When crafting your sales email sequence, you should always start with the person. Your objective is to capture their attention and win their trust. To accomplish that, you have to put yourself in their shoes and understand what they're thinking and feeling. From there, you can connect with them on common ground and move them along towards becoming a paying customer.
To ensure success, you have to be authentic. People hate spammy pitches and will unsubscribe immediately. Instead, strive to become genuinely helpful and share useful insights that relate directly to their lives.
For example, let's say you run a health clinic. One of the problems you encounter is patients' lack of motivation. Some of them simply aren't willing to change their behavior despite knowing the risks involved. Others feel overwhelmed and simply don't know where to turn.
Your job is to motivate them. Not only do you tell them exactly how bad their current situation is, but you also give them hope for a brighter future. By showing empathy, you demonstrate that you truly care about helping people improve their quality of life.
Of course, this approach requires careful planning. You can't expect to solve everyone's problem overnight. Start small and build slowly. Focus on providing value above all else. Give away freebies. Create infographics. Do whatever you need to do to earn their trust.
And finally, never underestimate the power of personalization. Even though you're pitching a generic product or service, you can still customize the messaging to resonate personally with individuals.

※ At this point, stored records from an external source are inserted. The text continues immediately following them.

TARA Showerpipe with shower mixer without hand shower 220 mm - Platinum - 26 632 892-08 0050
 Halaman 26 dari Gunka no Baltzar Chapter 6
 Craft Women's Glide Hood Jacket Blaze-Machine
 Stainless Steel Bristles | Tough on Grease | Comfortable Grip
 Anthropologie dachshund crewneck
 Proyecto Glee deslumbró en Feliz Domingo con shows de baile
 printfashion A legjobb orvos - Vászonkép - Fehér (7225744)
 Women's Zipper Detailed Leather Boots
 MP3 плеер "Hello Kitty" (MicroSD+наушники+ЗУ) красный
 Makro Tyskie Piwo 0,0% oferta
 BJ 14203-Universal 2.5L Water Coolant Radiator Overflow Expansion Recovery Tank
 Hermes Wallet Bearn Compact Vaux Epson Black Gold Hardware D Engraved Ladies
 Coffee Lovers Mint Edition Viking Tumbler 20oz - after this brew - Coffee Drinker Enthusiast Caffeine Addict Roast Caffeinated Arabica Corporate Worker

Just imagine the difference it would make if you used your subscriber database to segment people into groups based on age, income level, interests, location, gender, education, occupation, hobbies, etc. This way, you could tailor your offers specifically to meet individual needs.
Finally, make sure to provide ample resources for support. Always leave users with easy access to FAQs, videos, articles, and more. The more relevant information you include, the more likely people are to engage with you.
By following these simple guidelines, you'll soon discover that creating effective email campaigns is surprisingly straightforward. But if you struggle to figure out how to get started, don't worry. We've got plenty of free tools available that allow you to easily design and launch email sequences within minutes.